Johann Duhaupas s'est préparé dans son club à Abbeville, où tout a été mis en place pour faire au mieux compte tenu du temps qui manquait. «Il a eu son cocon familial, l'environnement était très favorable», assure Medhi Ameur. «On a fait venir des sparring-partners, mais trouver rapidement des hommes de 2 mètres, ce n'est pas facile. On a réussi, il a pu s'entraîner avec deux Ukrainiens qui ont croisé les gants avec les Klitschko.»
Le boxeur d'Abbeville sait que la chance ne se représentera pas de sitôt. Il est seulement le quatrième Français à combattre pour un titre mondial chez les lourds. La dernière fois, c'était en 2012 lorsque Jean-Marc Mormeck a affronté Wladimir Klitschko. En cas de victoire, il serait le premier tricolore à décrocher une ceinture dans la catégorie. Prudent, il préfère ne pas trop y songer: «Bien sûr que j'y pense, mais je ne vais pas me mettre de pression supplémentaire. Il faut quand même reconnaître que ce serait quelque chose pour la boxe en France.»
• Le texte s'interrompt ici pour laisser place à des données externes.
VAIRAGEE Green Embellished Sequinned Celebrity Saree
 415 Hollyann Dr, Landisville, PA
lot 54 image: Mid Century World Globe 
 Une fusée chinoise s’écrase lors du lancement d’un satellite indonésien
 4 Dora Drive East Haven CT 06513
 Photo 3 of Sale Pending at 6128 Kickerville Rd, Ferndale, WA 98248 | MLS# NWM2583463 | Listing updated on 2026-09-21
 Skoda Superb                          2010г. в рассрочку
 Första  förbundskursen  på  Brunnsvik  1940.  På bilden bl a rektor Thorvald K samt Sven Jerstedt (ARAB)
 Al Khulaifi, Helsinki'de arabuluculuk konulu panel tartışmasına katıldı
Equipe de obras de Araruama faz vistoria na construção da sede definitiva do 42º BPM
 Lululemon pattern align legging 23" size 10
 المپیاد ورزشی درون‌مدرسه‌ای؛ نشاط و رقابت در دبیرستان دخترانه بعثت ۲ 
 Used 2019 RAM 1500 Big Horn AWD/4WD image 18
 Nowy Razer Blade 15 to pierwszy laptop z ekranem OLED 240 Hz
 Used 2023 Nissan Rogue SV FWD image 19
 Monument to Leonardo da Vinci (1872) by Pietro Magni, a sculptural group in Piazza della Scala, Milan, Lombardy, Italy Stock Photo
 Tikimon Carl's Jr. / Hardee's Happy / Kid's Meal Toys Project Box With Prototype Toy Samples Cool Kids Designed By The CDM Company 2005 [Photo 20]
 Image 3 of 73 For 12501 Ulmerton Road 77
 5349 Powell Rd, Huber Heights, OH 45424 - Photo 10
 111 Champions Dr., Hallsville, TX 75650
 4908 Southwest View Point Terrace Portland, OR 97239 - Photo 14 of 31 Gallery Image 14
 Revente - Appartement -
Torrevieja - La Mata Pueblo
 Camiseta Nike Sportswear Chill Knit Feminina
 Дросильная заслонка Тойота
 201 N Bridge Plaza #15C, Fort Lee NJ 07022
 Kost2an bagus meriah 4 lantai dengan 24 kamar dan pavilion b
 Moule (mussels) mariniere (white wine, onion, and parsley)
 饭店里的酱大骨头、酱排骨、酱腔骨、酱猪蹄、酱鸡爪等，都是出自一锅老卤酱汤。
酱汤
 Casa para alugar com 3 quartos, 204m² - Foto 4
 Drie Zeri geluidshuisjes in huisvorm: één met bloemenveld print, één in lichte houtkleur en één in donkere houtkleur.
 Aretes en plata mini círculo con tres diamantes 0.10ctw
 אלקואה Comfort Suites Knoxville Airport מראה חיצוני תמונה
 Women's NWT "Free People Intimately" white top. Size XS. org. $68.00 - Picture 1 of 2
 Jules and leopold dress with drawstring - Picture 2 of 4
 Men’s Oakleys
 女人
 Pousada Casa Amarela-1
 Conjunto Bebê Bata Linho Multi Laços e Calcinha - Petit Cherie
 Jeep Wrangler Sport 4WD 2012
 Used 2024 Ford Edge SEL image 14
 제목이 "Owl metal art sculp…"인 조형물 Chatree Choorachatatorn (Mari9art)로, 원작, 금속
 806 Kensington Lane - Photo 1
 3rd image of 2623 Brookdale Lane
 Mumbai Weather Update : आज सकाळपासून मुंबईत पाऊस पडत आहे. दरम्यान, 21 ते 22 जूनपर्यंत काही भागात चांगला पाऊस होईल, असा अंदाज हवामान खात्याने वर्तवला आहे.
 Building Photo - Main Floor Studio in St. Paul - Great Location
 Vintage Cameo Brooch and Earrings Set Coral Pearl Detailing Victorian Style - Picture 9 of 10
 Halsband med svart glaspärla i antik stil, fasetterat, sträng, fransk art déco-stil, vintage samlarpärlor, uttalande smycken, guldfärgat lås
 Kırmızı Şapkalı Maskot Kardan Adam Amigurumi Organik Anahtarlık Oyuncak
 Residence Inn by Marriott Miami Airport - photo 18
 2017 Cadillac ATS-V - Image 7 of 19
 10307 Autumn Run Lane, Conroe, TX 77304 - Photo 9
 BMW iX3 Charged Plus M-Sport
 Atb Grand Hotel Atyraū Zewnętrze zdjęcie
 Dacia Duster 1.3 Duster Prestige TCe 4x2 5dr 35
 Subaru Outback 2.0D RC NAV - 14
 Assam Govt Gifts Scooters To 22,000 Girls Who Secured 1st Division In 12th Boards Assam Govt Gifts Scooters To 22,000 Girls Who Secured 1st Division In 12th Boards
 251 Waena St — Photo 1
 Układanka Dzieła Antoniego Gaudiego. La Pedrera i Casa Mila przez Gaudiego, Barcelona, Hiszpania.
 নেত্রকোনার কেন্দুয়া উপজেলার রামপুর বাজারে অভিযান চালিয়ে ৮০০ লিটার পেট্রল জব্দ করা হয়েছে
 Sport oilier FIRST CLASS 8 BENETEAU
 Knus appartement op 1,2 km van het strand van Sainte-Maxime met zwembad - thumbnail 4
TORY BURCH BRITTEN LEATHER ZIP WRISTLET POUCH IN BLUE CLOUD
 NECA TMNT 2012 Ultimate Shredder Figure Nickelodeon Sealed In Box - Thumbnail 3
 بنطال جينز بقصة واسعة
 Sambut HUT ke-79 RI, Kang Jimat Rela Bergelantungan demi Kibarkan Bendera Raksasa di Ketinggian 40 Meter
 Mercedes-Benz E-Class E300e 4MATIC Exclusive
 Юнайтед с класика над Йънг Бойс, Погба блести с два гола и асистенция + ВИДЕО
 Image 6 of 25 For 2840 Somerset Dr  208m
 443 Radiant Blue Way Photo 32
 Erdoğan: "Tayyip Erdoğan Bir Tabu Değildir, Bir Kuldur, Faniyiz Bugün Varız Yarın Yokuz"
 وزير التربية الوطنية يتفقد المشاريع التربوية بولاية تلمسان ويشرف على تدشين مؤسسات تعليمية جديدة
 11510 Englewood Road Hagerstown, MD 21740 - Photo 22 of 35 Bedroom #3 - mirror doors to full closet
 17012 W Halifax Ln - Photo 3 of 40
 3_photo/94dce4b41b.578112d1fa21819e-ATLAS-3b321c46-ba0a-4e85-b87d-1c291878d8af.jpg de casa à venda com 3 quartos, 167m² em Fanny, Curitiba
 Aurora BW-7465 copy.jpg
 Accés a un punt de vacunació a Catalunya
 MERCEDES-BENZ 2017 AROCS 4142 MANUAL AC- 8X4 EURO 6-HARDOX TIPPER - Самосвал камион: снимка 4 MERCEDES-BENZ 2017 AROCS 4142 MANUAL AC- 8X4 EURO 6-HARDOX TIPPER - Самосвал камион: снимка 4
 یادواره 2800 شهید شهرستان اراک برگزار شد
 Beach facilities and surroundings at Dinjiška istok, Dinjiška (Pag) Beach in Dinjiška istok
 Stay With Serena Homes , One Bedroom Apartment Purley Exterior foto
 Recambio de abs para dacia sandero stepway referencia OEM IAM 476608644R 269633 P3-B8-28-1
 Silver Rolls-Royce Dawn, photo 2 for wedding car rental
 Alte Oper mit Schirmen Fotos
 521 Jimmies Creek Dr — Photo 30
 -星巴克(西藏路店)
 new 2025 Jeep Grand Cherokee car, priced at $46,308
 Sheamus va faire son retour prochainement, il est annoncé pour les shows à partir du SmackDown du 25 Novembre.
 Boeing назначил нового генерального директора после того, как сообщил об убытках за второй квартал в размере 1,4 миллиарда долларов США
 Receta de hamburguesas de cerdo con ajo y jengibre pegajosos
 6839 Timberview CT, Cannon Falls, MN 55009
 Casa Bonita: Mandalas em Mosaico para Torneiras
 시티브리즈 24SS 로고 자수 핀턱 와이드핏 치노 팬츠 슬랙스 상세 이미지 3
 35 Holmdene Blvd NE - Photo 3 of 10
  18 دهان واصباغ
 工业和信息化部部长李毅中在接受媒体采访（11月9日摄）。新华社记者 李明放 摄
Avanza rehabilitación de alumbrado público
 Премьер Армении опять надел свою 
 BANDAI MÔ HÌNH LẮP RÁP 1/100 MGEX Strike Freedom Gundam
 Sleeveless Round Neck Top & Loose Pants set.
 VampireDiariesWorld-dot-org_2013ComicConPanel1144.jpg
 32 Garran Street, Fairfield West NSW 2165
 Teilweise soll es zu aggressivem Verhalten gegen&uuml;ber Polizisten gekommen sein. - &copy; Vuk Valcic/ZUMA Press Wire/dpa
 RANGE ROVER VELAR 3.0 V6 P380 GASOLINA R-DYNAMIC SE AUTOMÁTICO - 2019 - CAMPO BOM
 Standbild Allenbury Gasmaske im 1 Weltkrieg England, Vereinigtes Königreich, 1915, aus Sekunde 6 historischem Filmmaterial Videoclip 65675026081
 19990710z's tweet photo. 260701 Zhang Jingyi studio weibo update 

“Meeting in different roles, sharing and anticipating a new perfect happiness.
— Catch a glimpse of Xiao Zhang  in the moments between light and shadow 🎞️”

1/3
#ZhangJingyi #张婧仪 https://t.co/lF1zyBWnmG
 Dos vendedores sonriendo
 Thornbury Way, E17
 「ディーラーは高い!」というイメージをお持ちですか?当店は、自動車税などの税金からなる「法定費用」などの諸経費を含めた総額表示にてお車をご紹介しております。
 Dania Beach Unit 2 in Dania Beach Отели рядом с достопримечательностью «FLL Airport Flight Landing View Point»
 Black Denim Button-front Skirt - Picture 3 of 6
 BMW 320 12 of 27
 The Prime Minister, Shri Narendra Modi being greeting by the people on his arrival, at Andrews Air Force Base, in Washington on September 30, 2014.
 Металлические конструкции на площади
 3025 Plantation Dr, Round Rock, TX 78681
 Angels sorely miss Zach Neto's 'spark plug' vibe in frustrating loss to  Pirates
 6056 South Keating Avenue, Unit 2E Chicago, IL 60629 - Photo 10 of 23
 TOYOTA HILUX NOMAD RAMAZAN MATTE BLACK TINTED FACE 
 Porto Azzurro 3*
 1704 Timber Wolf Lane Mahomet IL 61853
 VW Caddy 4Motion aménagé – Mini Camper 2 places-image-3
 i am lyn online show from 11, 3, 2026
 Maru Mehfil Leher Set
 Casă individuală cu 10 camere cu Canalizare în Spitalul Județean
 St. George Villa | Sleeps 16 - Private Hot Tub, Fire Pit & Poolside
Deontay Wilder n'est pas invincible. Si son palmarès plaide pour lui, il a battu peu de grandes pointures. De plus, il est habitué à affronter des combattants souvent beaucoup plus petits que lui. Lucide, le Français énumère les points forts de son adversaire: «Il est puissant, rapide, grand et sait se servir de son allonge.» Mais, il connaît aussi son point faible : «Il est trop fougueux. De ses adversaires, je serai un des plus coriaces. J'espère qu'il va me sous-estimer». Hélas, Malik Scott, un ancien sparring-partner de l'Abbevillois a pu prévenir son compatriote. D'après le site d'information Netboxe en affirmant: «Duhaupas est très solide mentalement et le plus dangereux chez lui c'est qu'il pense pouvoir gagner.» Rapé pour l'effet de surprise.
La belle histoire, le Français se sent prêt à l'écrire :«J'ai démarré tard, à 19 ans. Par contre, j'ai commencé à aimer la boxe à cinq ans, en regardant Rocky. Hors du monde de la boxe, je suis un inconnu, et on m'offre ma chance. Mon histoire pourrait être celle de Rocky.»
(1) Le combat sera retransmis en direct sur Bein Sport, dans la nuit de samedi à dimanche, à 2h15.